Johnson worked for the Benicia Unified School District from 2012 until May 2016.
In October 2014, he was diagnosed with non-Hodgkin lymphoma, which his lawyers called as a more aggressive form of cancer in March 2015.
"I figured if it could kill weeds, it could kill me," Johnson said. "I took it seriously. That's why I wore anything I could to protect myself."
But Monsanto dismissed his claim that Roundup caused his cancer.
Attorney Sandra Edwards told CBS San Francisco: "We obviously have a huge amount of sympathy for Mr.

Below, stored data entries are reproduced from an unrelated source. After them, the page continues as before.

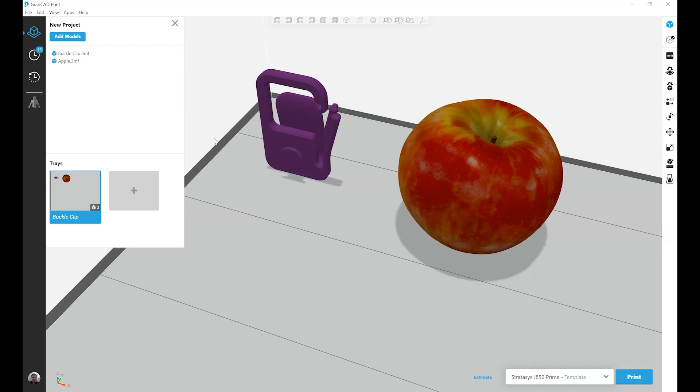In this video we're going to look at model orientation control. There are a few different ways to orient your models within GrabCAD Print, and you may find that some work better than others depending on your part geometry.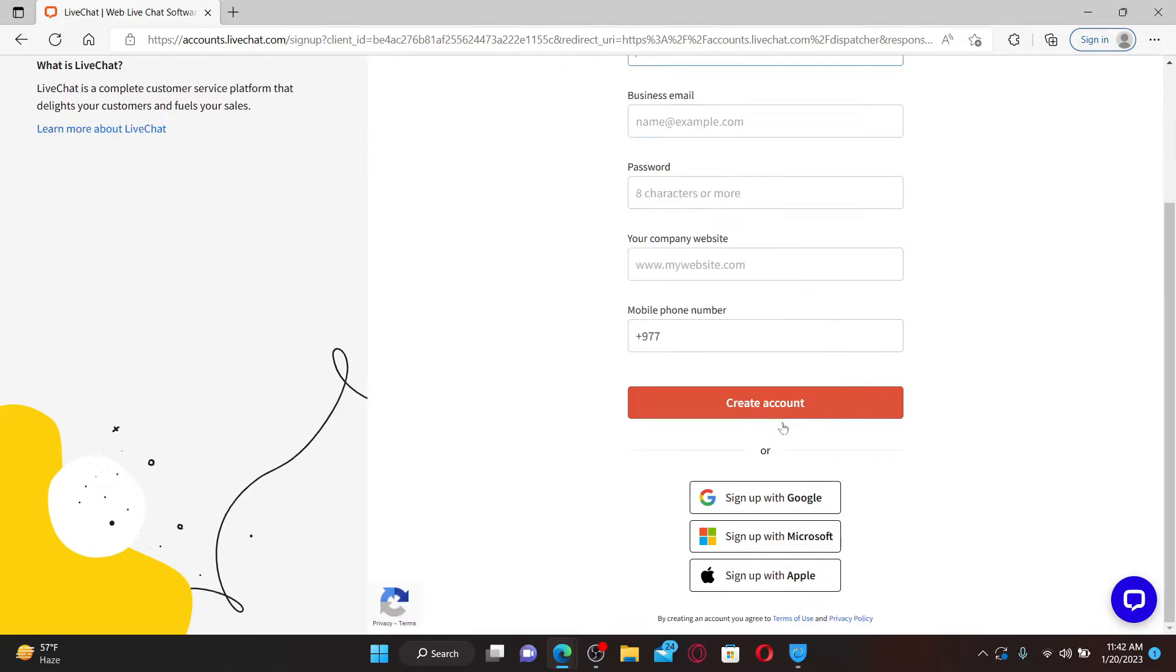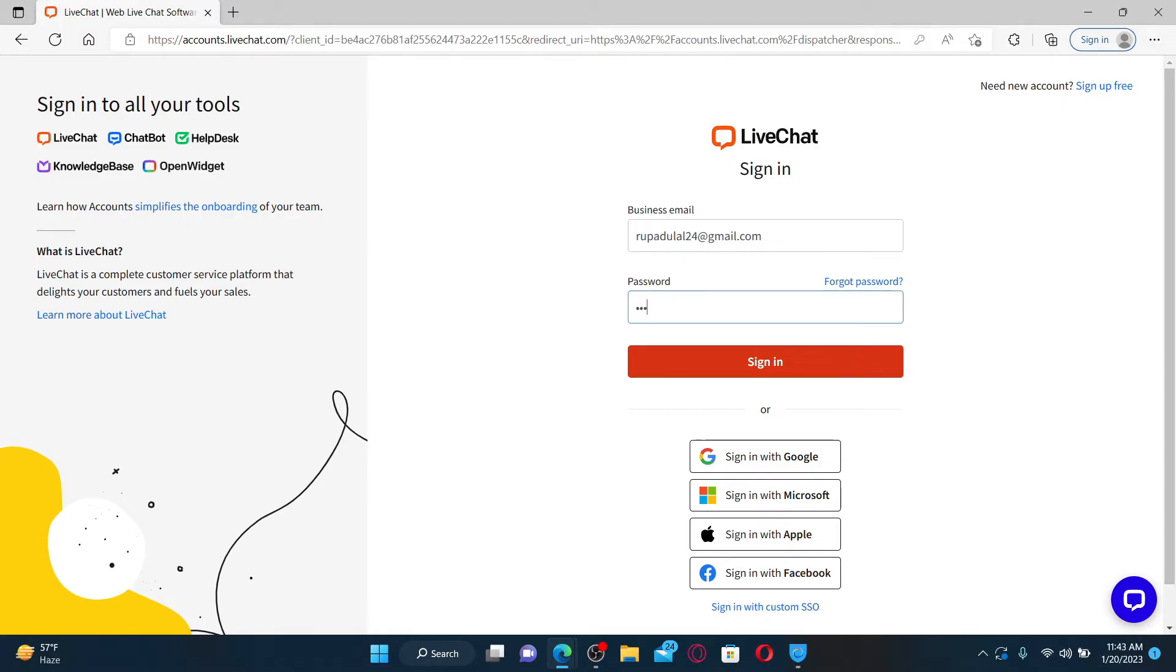Go ahead and type in your business email that is associated with the account in the text box. On the next field, type in your password. If you don't remember the password, you can click the forgot password link and follow through the on-screen prompts till the end. After you type in your credentials, click sign in.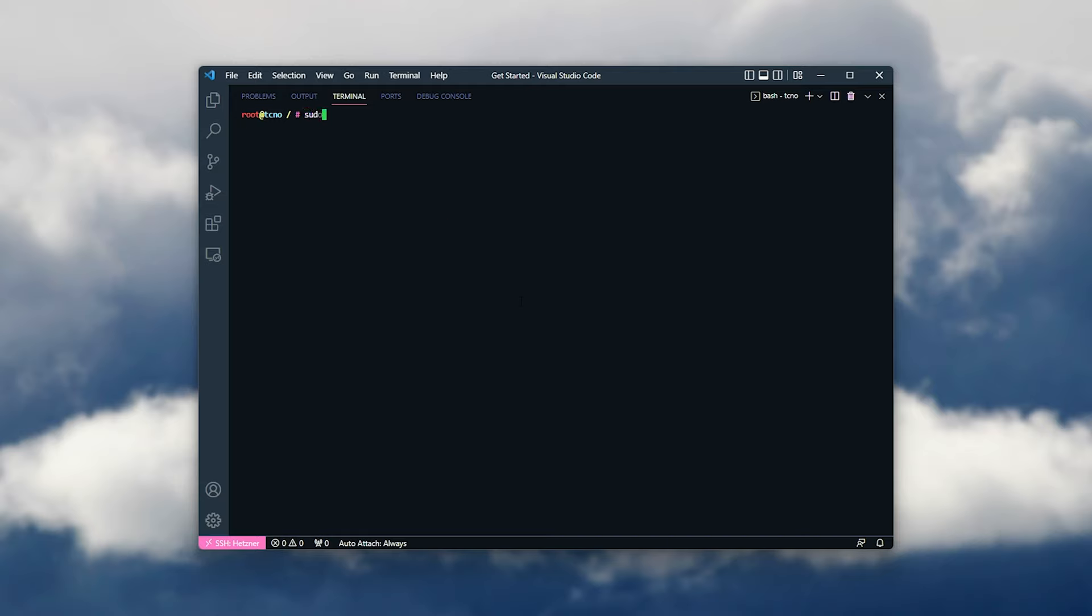So I'll run sudo user mod space hyphen lowercase a capital G space sudo, followed by the username, in this case test. When we've done so, we've now allowed the test account root access whenever they use the sudo command.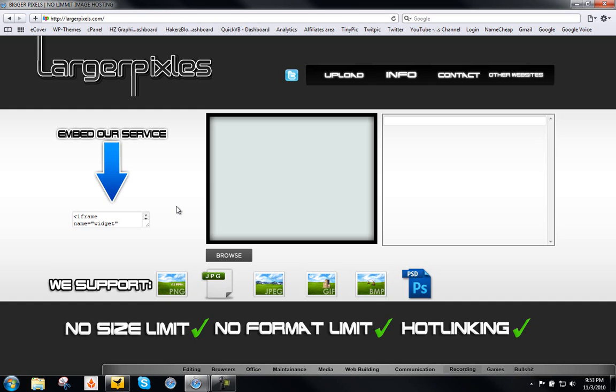And the last big update on our website is that you can now embed our service. You can embed our upload system as a widget on your website. So now you can offer image hosting on your website, your blog, your MySpace, whatever. Whatever accepts HTML to be embedded.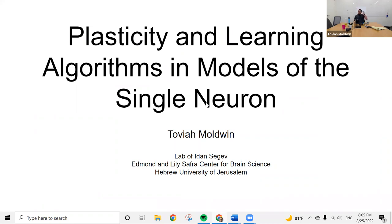I am a PhD student in the lab of Idan Segev. I've been here basically forever — I'm at Hebrew University in Jerusalem. This is going to be a presentation of all of my dissertation work, which is five papers. This is the first time I've presented everything at the same time, so it's a bit of a dry run for my dissertation defense, which is not yet scheduled. I recorded myself giving this talk and it takes 47 minutes and 10 seconds without interruptions.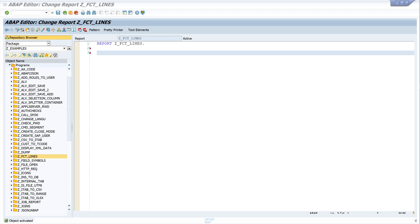Hello everyone. In today's video I will show you which functions are available for internal tables and how to use them. I will explain the functions: lines, line_index, and line_exists.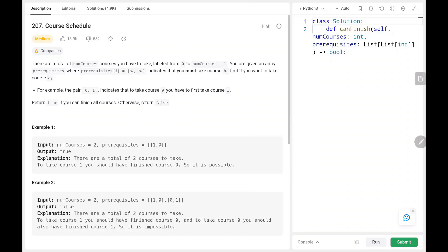Hey everyone, welcome back. Today we are going to solve problem number 207, Course Schedule. First, we will see the explanation of the problem statement, then the logic on the code. Now let's dive into the solution.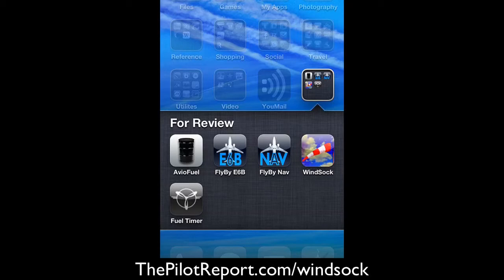Welcome to another video review by ThePilotReport.com. I'm Len Costa. Today we'll be demonstrating the WinSoc iPhone application. This application is available on the iPhone. It will work on the iPad, however it's not a universal application, which means it won't utilize the full high-definition resolution of the iPad. So for today's demonstration we'll be showing you how to use this application on the iPhone.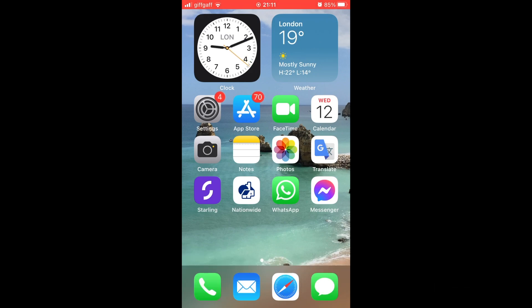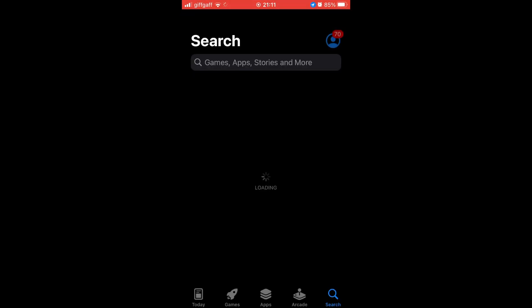What you're going to want to do first of all for all devices is click on the App Store. Once you've clicked on the App Store, you want to go to the bottom right-hand corner where it says search.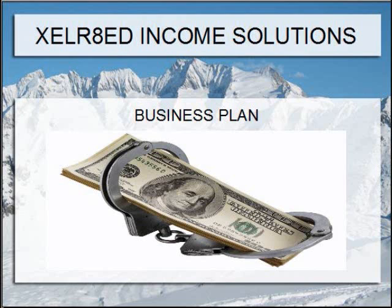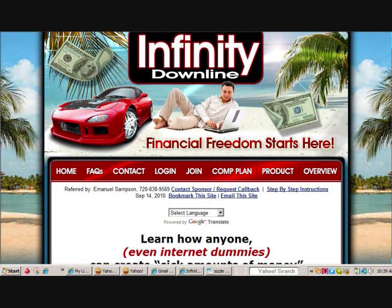Welcome to Accelerated Income Solutions. Let's get you signed up with Infinity Downline. The first thing you need to do is type in the link of the person that offered you this opportunity. That person will become your sponsor. Their home page will look like this one, except their information will be under the red index box.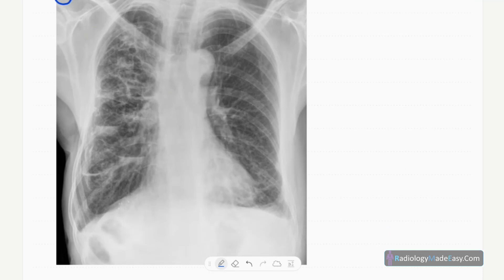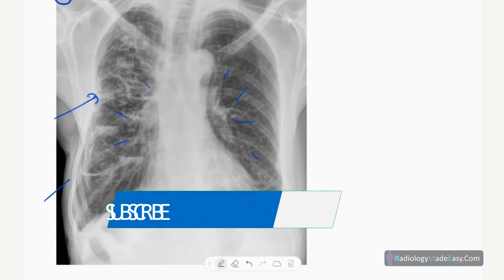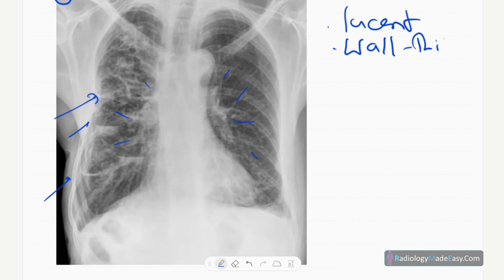You can see several abnormalities. There are prominent vascular markings here on both sides, and you can see multiple rounded lucencies — lucent areas that are rounded and have a thick wall. You can see the thick wall clearly, and some of them have air-fluid levels.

Johnson and for his family as we do with anybody who has cancer."
"But the 40 years of science and data and experience with this product shows that it doesn't cause cancer."
According to the report by Jamie Yuccas of CBS News recently, in 2015, the World Health Organization's International Agency for Research on Cancer determined that the key ingredient in Roundup, glyphosate, is "probably carcinogenic to humans."
Donna Farmer, a Monsanto scientist, has disputed that finding.
She told CBS News: "The data that they look at, they cherry-pick it, and then they interpret some of those studies completely different than the researchers who actually did it."
When Johnson, a father of three who goes by the name Lee, is scheduled to receive his third round of chemotherapy, the trial is expected to conclude on August 10.